Short text fragments from websites
= Beginning of Section =

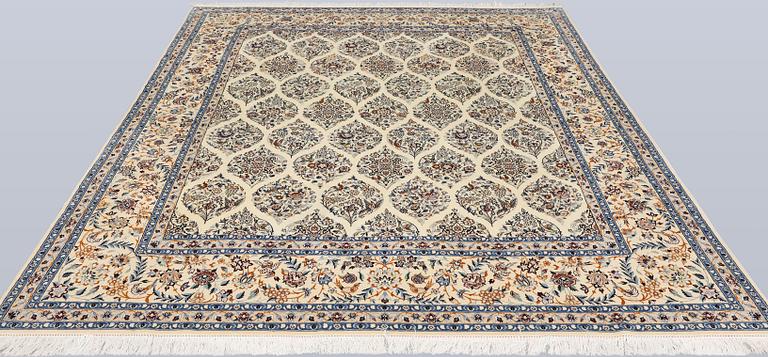 Matta, Nain, part silk, s.k. 6 LAA, ca 265 x 204 cm.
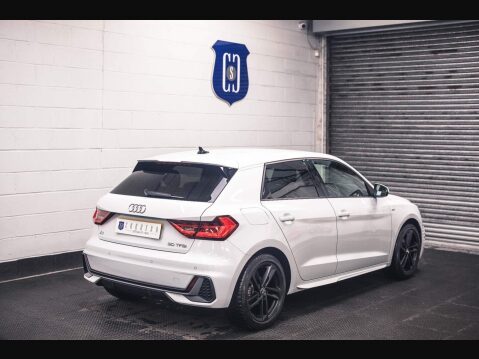 Audi A1 1.0 TFSI 30 S line Sportback S Tronic Euro 6 (s/s) 5dr 4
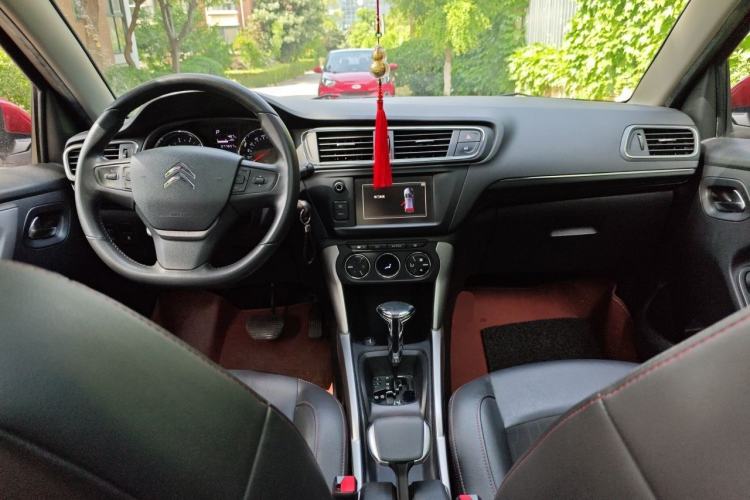 Used Citroen C3-XR 2015 1.6L Automatic Pioneer Model Center Console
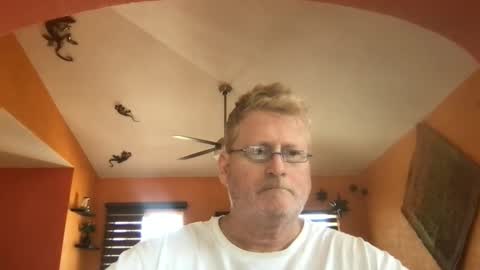 Snapshot of tomascausa chatting on April 2026 09:41:02 PM Hola online show from April 2026 09:41:02 PM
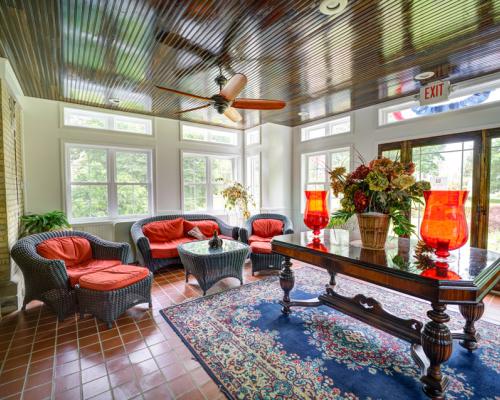 Kane Manor Inn interior
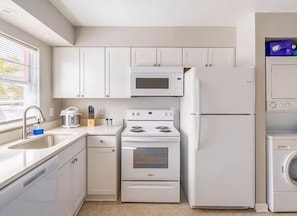 Réfrigérateur, four à micro-ondes, un four, surface de cuisson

= End of Section =

### WHAT THIS TASK INVOLVES
Write out exactly the opening lines of the data, stopping after the line that holds "Kane Manor Inn interior". Exclude pictures.

### ANSWER BELOW
 Matta, Nain, part silk, s.k. 6 LAA, ca 265 x 204 cm.
 Audi A1 1.0 TFSI 30 S line Sportback S Tronic Euro 6 (s/s) 5dr 4
 Used Citroen C3-XR 2015 1.6L Automatic Pioneer Model Center Console
 Snapshot of tomascausa chatting on April 2026 09:41:02 PM Hola online show from April 2026 09:41:02 PM
 Kane Manor Inn interior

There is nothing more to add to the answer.